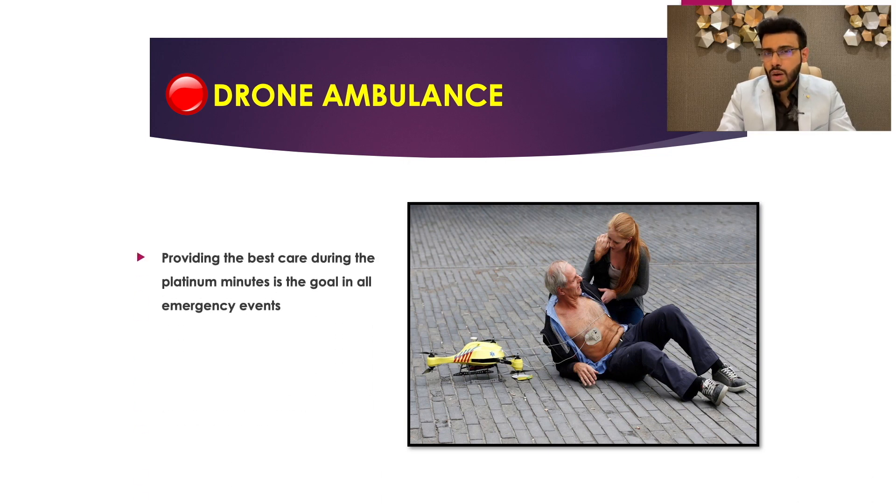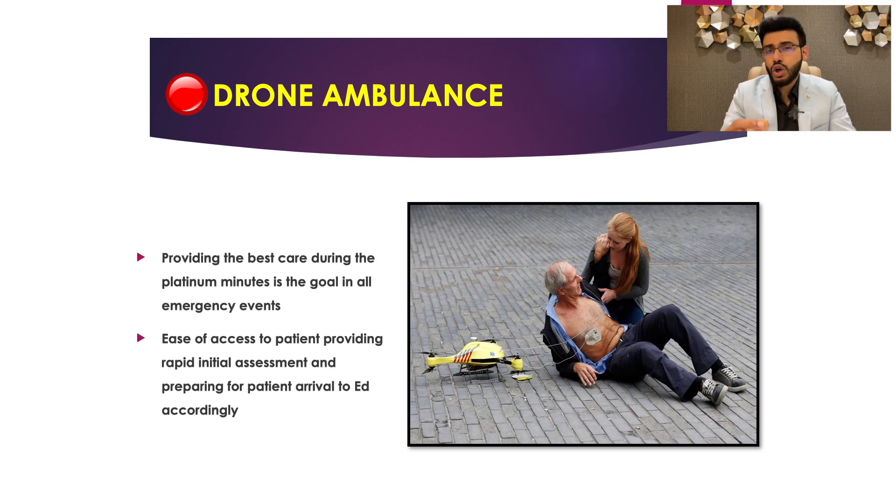The drone ambulance. Providing the best care during the platinum minutes is the goal in all emergency events. Ease of access to patient, providing rapid initial assessment and preparing for patient arrival to the emergency department — all are helped by drones. The drones are designed to carry automated external defibrillators, medications, and this will help to save many lives within minutes.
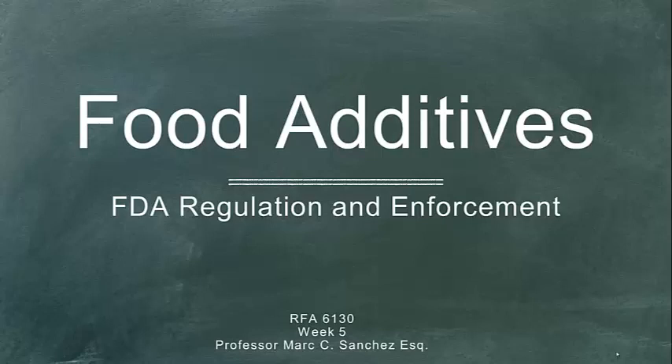Welcome to week five. We're almost done — we're in the home stretch of our material with really two more concepts left. This week we're going to look at a topic we sort of touched on with adulteration, but get into a specific area of adulteration that requires pre-market approval. We're talking about food additives, food coloring, and irradiation.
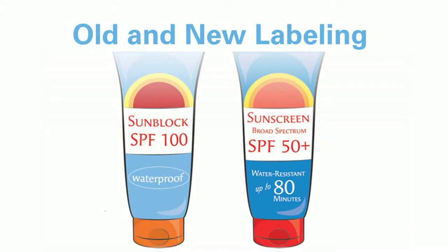Rather than thinking you're good for the day because you have an SPF of 5,000, it's important to note it's a 50, and the label says to reapply every two hours. Also, it's not waterproof — that term doesn't exist anymore in the labeling. It should say water resistant, and also give guidelines as to how often the sunscreen or sunblock should be reapplied.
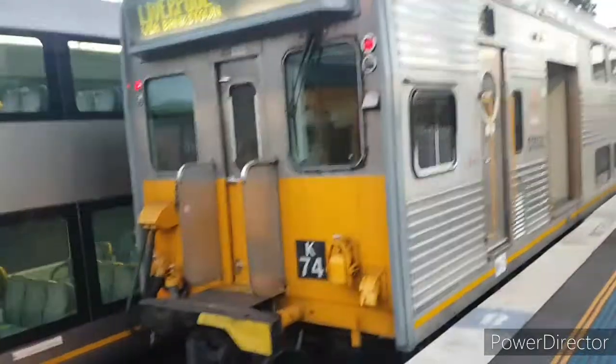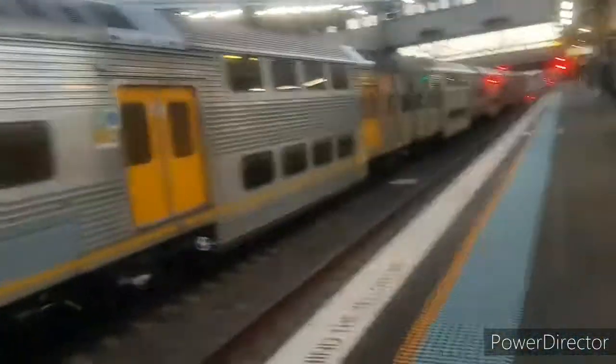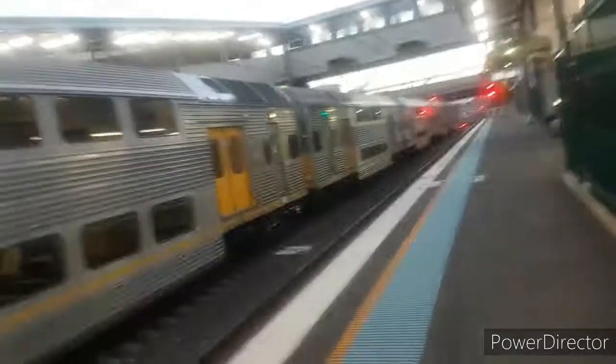Thank you for watching this video and I'll see you guys next time. We've moved platforms where an M-set has passed. And here we have the other side of K74 with its S-set doors.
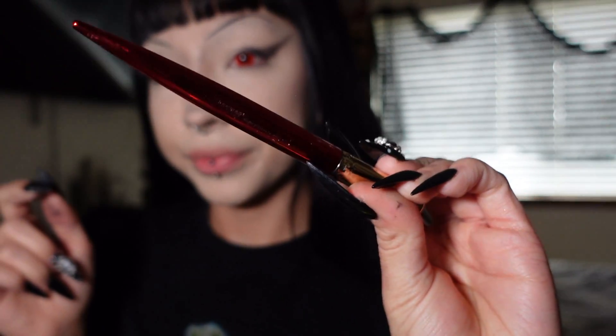For eyeliner, I'm using this felt-tip pen from Hell Bites Beauty and going over exactly where I placed that eyeshadow. I'm making my wing very thin today — I usually make it super thick and arch it up more, but today I'm going for a thinner, more straight wing. You can kind of see what I'm going for in the video.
◆ ◆ ◆
* _Required action_: Set every entry down again exactly as written, and omit the images.

* _Exercise solution_:
The drone ambulance. Providing the best care during the platinum minutes is the goal in all emergency events. Ease of access to patient, providing rapid initial assessment and preparing for patient arrival to the emergency department — all are helped by drones. The drones are designed to carry automated external defibrillators, medications, and this will help to save many lives within minutes.
Welcome to week five. We're almost done — we're in the home stretch of our material with really two more concepts left. This week we're going to look at a topic we sort of touched on with adulteration, but get into a specific area of adulteration that requires pre-market approval. We're talking about food additives, food coloring, and irradiation.
Rather than thinking you're good for the day because you have an SPF of 5,000, it's important to note it's a 50, and the label says to reapply every two hours. Also, it's not waterproof — that term doesn't exist anymore in the labeling. It should say water resistant, and also give guidelines as to how often the sunscreen or sunblock should be reapplied.
Thank you for watching this video and I'll see you guys next time. We've moved platforms where an M-set has passed. And here we have the other side of K74 with its S-set doors.
For eyeliner, I'm using this felt-tip pen from Hell Bites Beauty and going over exactly where I placed that eyeshadow. I'm making my wing very thin today — I usually make it super thick and arch it up more, but today I'm going for a thinner, more straight wing. You can kind of see what I'm going for in the video.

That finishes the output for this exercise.